Now I write mostly for you, the people of Camp Arowhon, because camp is the home of my heart. Once a columnist, always a columnist. Life gets digested in 500-word bites. Thus begins my (I hope) weekly column on this new blog.
I was looking in the mirror and thought: “Geez my hair looks great.” These days that happens almost every time I pass a mirror. Which is funny. That I spent almost 60 years (if you count early childhood) hating my hair, and now, at 63 love it, is funny to me. The difference: I stopped straightening it and let it go (and grow) natural. It seems Mother Nature was smart, because everyone else says they love my curls too.
And this is what I so look forward to telling the girls at camp. On Day Two of each session, I meet with all the girls at camp. First I do the funny stuff, so they can get some nervous laughter out. I tell them about the historical “House at Poo Corner,” which was the Senior Girls Section Head cabin back in the day. So called because when the girls flushed their tampons down the toilets, the pipes used to back up…. Badly.
We have new plumbing systems and that no longer happens, but it’s a way to get their attention, have a few laughs, and underline the need to use “girl bags” and not to flush tampons etc. Especially the etc.

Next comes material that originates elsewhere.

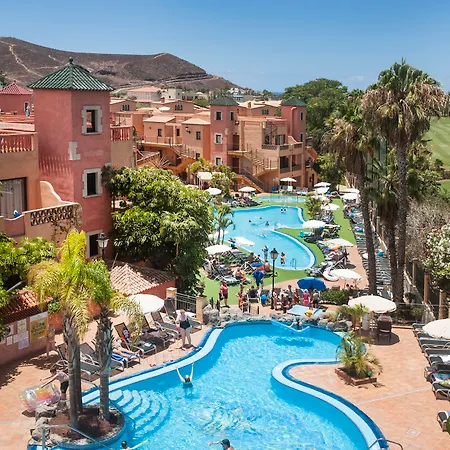 ホテル Mandi Golf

Then we talk about the really important stuff: First about eating, and that we expect every girl to eat three nutritional meals a day, and that we’re a non-dieting camp. This, I tell them, is because not one of us needs to change how we look. We also don’t wear makeup or really skimpy clothes or primp at camp – because we’re not here to try to look better, or different from how nature made us. We’re here to have fun, and how we look is just right – the way we are. This is girl power, Arowhon style.